====== Extracted material ======

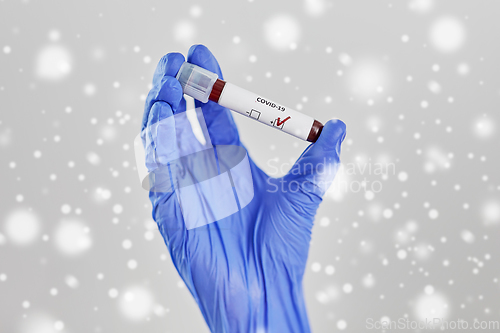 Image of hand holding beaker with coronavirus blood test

======
====== Extracted material ======

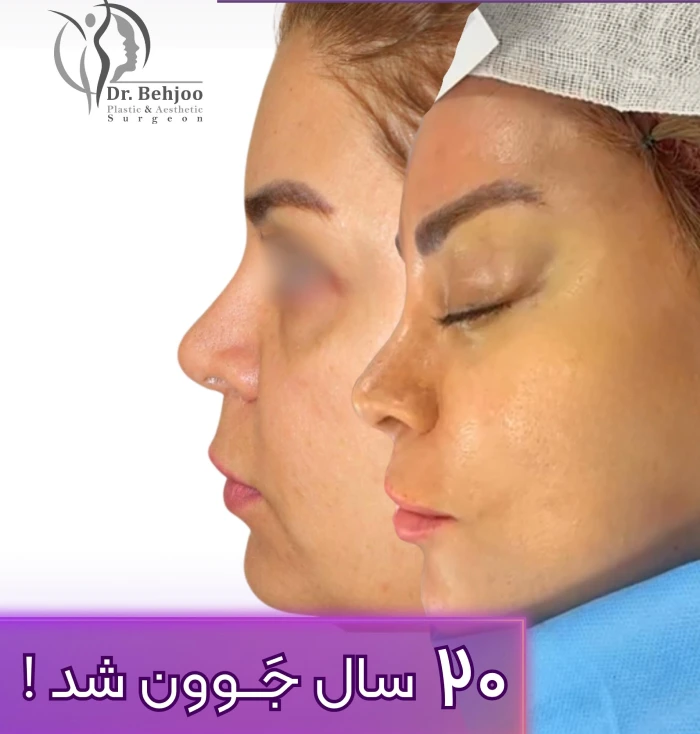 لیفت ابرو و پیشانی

======
====== Extracted material ======

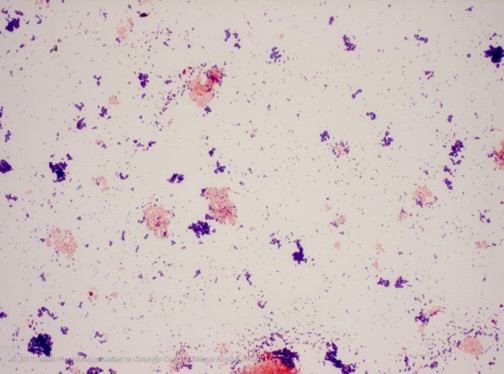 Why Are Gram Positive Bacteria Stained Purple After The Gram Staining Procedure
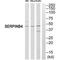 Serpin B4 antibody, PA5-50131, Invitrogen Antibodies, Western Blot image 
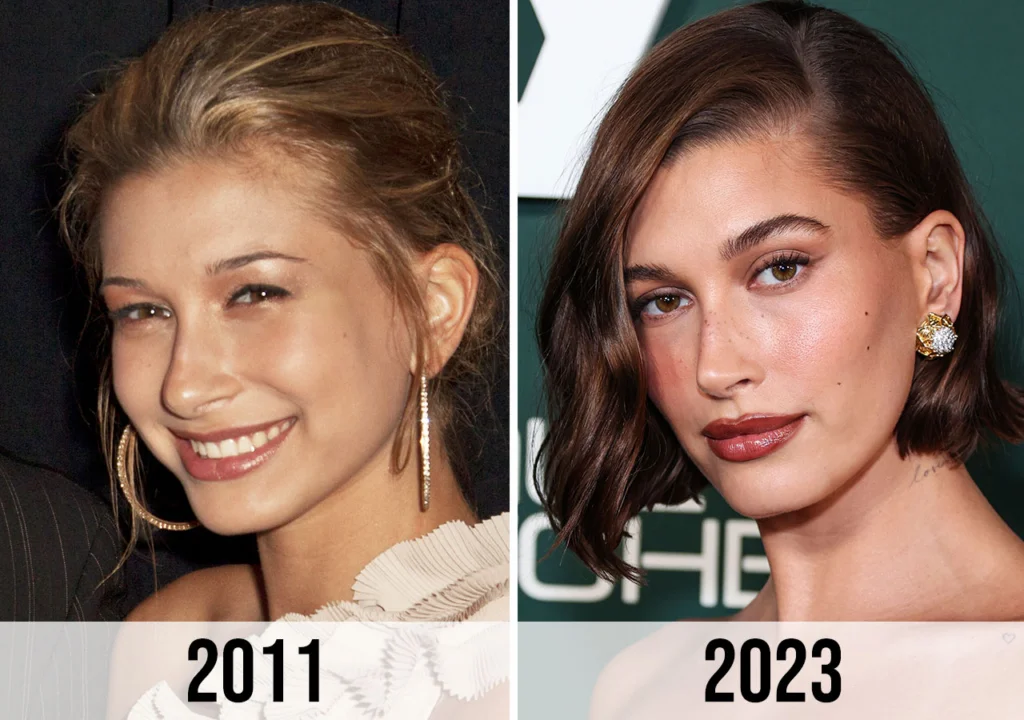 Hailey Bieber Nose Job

======

▶ What the exercise asks: Would you transcribe the lines above exactly, going from the line bearing "Serpin B4 antibody, PA5-50131, Invitrogen" through the line bearing "Hailey Bieber Nose Job", and drop the pictures from the copy?

▶ Response area:
 Serpin B4 antibody, PA5-50131, Invitrogen Antibodies, Western Blot image 
 Hailey Bieber Nose Job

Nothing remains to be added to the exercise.